Example Walkthrough

The CuBIDS workflow is currently being used in neuroimaging labs at a number of institutions including University of Pennsylvania, Children’s Hospital of Philadelphia, the Child Mind Institute, and University of Minnesota’s Masonic Institute for the Developing Brain. To demonstrate the utility of CuBIDS, here we apply the software to a small example dataset that is included in our Github repo. This example dataset does not contain any PHI.

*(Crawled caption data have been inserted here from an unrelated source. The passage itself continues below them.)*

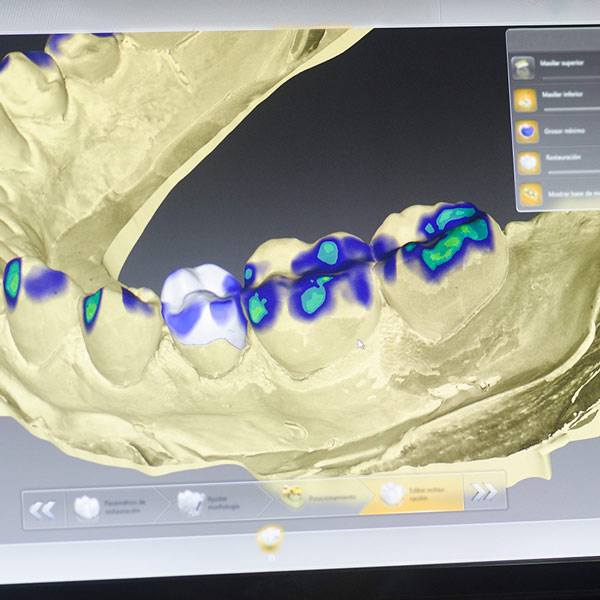 implantes guiados por ordenador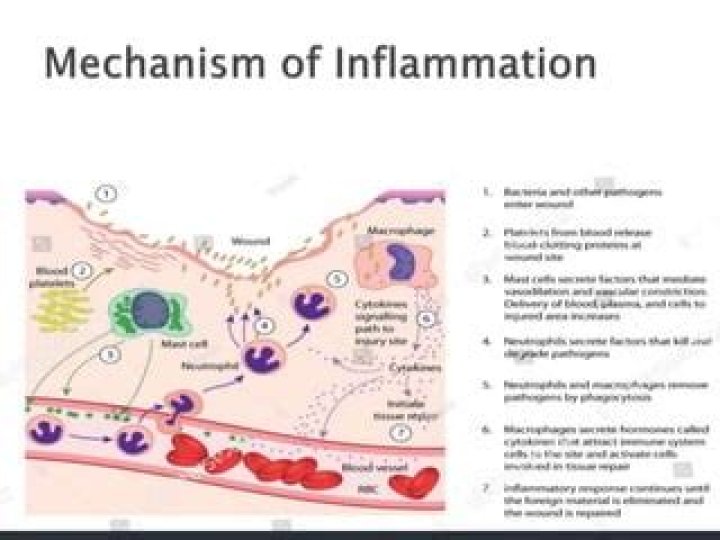 What is inflammation Slideshare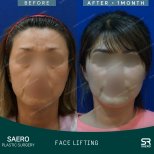 Результаты до и после фейслифтинга в SAERO Plastic Surgery, видимое омоложение лица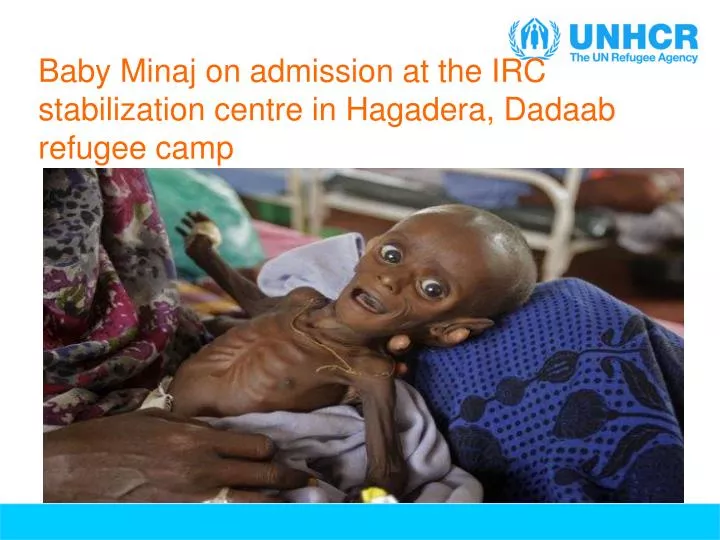 baby minaj on admission at the irc stabilization centre in hagadera dadaab refugee camp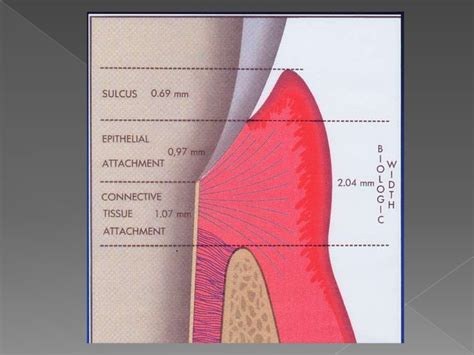 Biologic width - Importance in Periodontal and Restorative Dentistry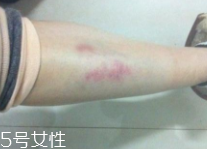 身體淤青怎么來(lái)的？不是磕碰那么簡(jiǎn)單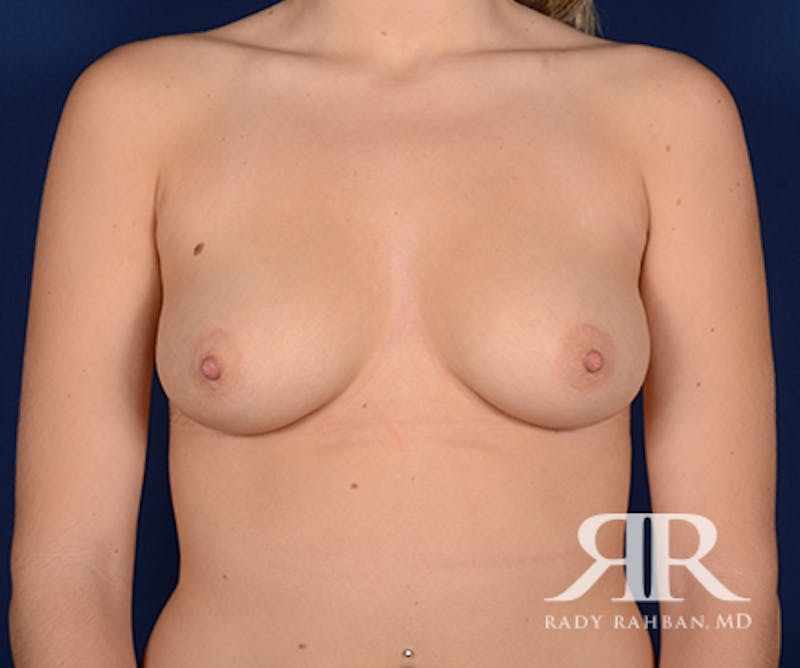 Breast Augmentation before photo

Following the installation instructions at the installation page, you should have successfully installed CuBIDS, DataLad, and the bids-validator inside a conda environment titled “cubids”. In this example, we use validator version 1.7.2. Using a different version of the validator may result in slightly different validation tsv outputs, but the example should still be useful.

Throughout this example, we use DataLad for version control. Although DataLad is an optional dependency of CuBIDS, we use it here to demonstrate its powerful integration with CuBIDS and the benefits it can provide its users.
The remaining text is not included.